Exercise directions>
Return nothing but the lines from the line containing "Жорсткий диск Western" through the last line of the records, reproduced exactly.
====== Provided records ======
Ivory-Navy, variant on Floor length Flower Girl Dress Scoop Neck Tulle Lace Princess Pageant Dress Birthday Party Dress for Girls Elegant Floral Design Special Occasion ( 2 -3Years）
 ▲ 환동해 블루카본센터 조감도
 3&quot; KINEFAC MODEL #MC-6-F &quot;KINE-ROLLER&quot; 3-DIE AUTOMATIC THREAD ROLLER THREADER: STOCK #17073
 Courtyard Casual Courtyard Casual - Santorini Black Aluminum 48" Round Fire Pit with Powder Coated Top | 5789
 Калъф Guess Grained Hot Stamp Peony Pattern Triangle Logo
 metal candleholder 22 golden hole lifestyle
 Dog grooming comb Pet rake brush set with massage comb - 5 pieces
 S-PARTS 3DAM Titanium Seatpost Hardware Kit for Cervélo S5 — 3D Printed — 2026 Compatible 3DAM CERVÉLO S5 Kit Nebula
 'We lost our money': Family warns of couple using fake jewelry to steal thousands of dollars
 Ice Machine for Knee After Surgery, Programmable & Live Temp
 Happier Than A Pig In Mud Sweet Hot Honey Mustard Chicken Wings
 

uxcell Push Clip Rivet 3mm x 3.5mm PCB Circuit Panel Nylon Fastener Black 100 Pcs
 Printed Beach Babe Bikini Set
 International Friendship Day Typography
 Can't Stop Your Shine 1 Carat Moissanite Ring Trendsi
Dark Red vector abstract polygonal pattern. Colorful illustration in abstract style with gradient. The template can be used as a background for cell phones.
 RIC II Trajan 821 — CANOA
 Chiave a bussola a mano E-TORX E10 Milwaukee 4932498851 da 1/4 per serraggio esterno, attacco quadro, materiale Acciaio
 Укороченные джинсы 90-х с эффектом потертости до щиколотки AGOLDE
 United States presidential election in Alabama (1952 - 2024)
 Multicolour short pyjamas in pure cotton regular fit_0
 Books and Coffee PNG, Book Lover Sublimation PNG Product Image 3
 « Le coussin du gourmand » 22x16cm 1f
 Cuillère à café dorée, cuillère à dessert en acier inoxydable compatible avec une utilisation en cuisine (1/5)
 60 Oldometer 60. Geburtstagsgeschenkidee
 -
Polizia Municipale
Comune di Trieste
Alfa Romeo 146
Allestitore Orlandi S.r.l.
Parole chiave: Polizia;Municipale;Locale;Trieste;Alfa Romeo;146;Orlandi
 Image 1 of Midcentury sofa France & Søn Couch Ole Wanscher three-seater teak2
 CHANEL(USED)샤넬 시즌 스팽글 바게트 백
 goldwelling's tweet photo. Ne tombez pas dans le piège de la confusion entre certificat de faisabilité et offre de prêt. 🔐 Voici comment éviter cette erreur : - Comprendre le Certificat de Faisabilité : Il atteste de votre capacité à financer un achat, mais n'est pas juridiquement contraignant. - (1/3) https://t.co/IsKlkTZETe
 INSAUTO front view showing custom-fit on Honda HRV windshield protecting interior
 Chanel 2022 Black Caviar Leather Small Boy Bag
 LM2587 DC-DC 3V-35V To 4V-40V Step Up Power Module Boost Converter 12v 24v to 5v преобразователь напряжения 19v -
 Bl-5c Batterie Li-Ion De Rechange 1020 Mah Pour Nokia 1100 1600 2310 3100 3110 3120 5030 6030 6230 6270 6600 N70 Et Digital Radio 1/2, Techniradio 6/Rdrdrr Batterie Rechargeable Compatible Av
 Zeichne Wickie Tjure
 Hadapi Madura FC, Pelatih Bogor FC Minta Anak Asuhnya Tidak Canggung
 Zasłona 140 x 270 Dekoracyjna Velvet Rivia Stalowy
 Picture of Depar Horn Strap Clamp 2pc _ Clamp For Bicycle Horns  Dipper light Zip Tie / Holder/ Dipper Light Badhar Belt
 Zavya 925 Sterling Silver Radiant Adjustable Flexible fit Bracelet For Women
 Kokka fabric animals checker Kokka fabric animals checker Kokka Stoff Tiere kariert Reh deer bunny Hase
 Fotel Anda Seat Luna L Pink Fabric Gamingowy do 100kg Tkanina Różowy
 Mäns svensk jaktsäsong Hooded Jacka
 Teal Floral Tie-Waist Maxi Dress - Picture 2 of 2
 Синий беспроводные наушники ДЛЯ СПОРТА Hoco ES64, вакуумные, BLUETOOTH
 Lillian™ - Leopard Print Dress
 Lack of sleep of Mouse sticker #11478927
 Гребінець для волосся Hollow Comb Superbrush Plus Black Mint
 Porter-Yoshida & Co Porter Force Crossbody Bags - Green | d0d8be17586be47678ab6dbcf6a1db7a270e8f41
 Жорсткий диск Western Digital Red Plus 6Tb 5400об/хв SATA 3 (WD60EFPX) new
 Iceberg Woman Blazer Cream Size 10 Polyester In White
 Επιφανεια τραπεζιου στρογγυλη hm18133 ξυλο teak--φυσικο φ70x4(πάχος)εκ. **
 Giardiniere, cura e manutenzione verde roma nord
======
Written response>
 Жорсткий диск Western Digital Red Plus 6Tb 5400об/хв SATA 3 (WD60EFPX) new
 Iceberg Woman Blazer Cream Size 10 Polyester In White
 Επιφανεια τραπεζιου στρογγυλη hm18133 ξυλο teak--φυσικο φ70x4(πάχος)εκ. **
 Giardiniere, cura e manutenzione verde roma nord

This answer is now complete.